◆ Exercise objective
Return the entries below verbatim. Pictures stay out.
** Opening Source material block **
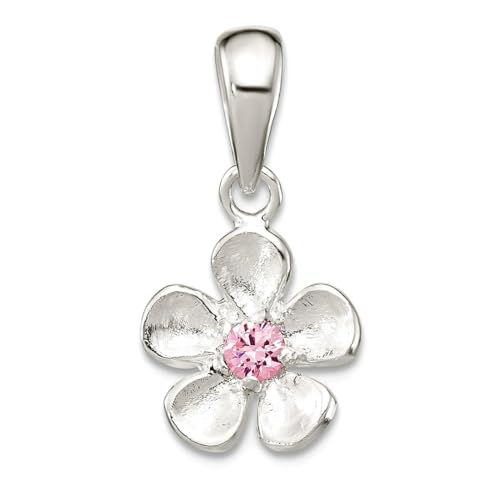 Pendentif fleur en argent sterling 925 poli et brossé avec gemme rose CZ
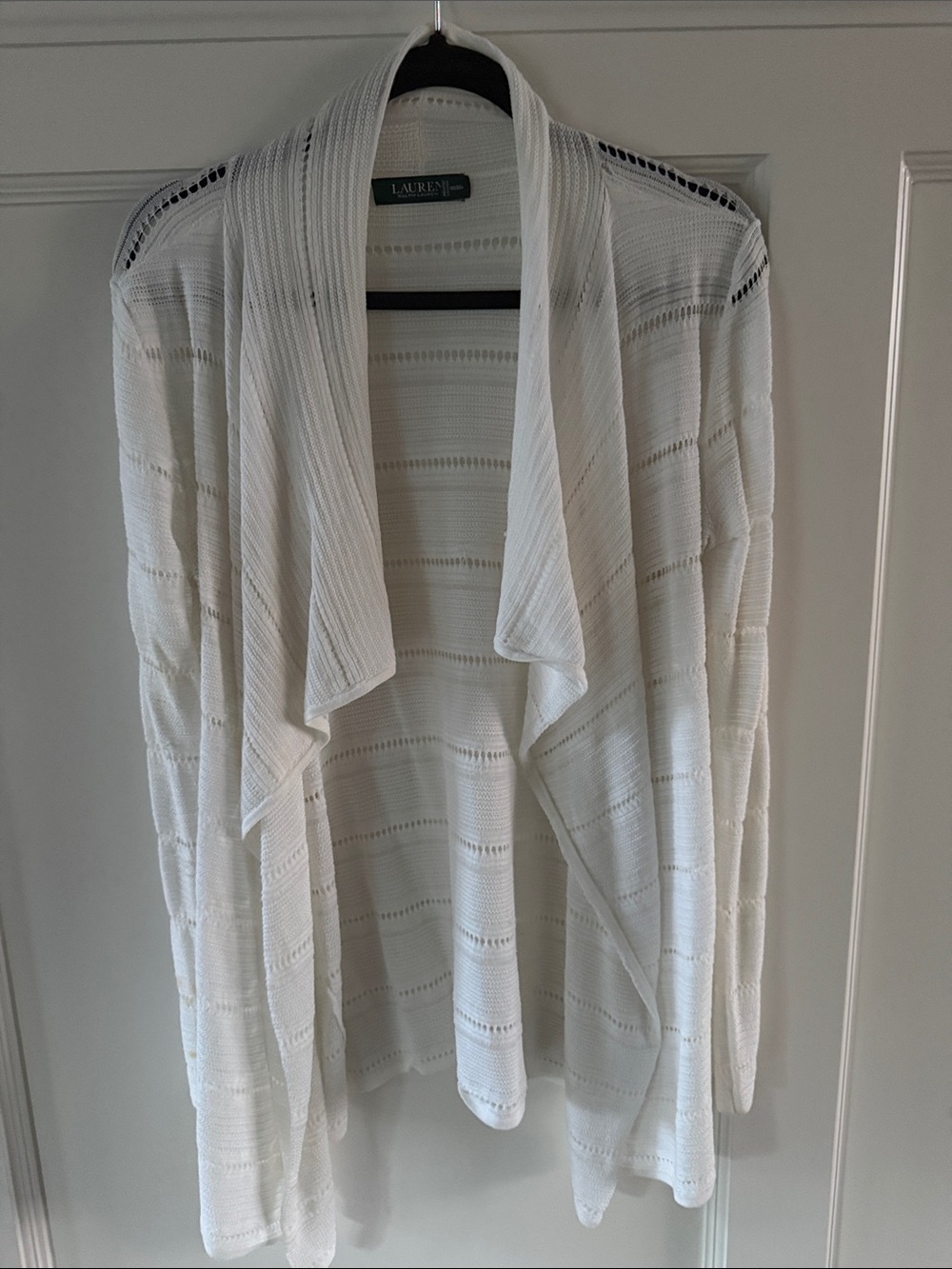 Lauren Ralph Lauren White Draped Open-Front Knit Cardigan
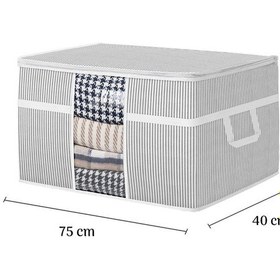 Resim 5'li Mega Boy Pencereli Yorgan Hurcu - Yastık Yorgan Düzenleyici Saklama Hurcu 75 X 40 X 40 Cm Gri 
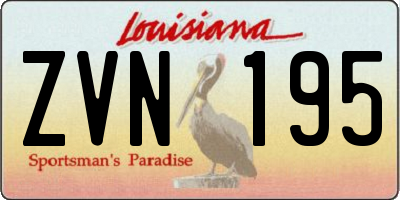 LA license plate ZVN195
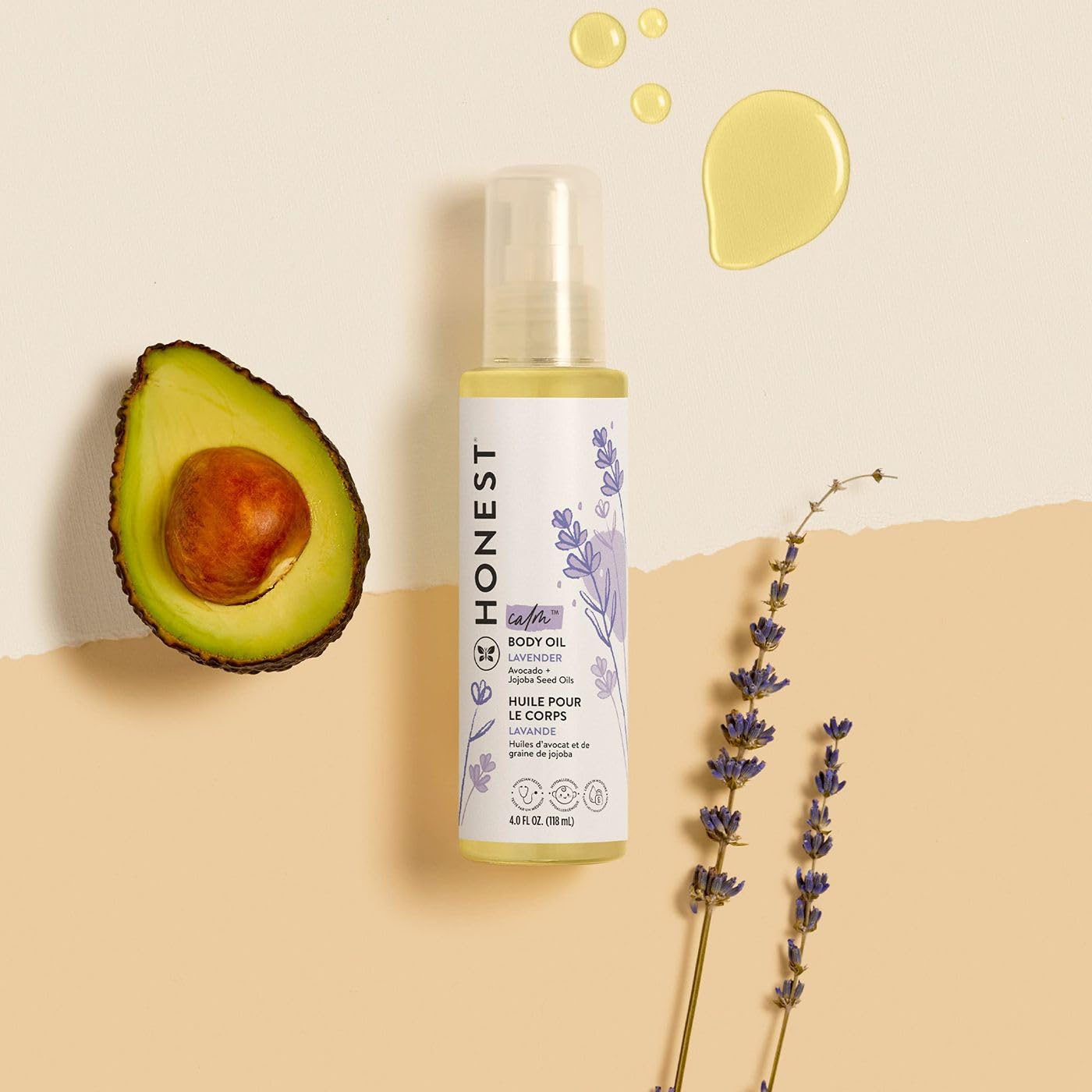 The Honest Company Lavender Infused Calming Body Oil | Gentle for Baby | Organic, Plant-Based, Hypoallergenic | 4.0 fl oz : Baby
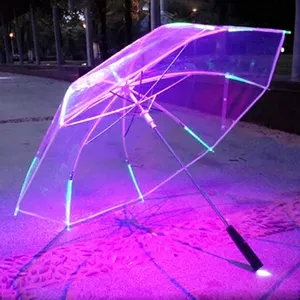 批发便携式透明创新可定制户外折叠反向发光二极管灯户外成人发光二极管伞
** Closing Source material block **
◆ Exercise output
 Pendentif fleur en argent sterling 925 poli et brossé avec gemme rose CZ
 Lauren Ralph Lauren White Draped Open-Front Knit Cardigan
 Resim 5'li Mega Boy Pencereli Yorgan Hurcu - Yastık Yorgan Düzenleyici Saklama Hurcu 75 X 40 X 40 Cm Gri 
 LA license plate ZVN195
 The Honest Company Lavender Infused Calming Body Oil | Gentle for Baby | Organic, Plant-Based, Hypoallergenic | 4.0 fl oz : Baby
 批发便携式透明创新可定制户外折叠反向发光二极管灯户外成人发光二极管伞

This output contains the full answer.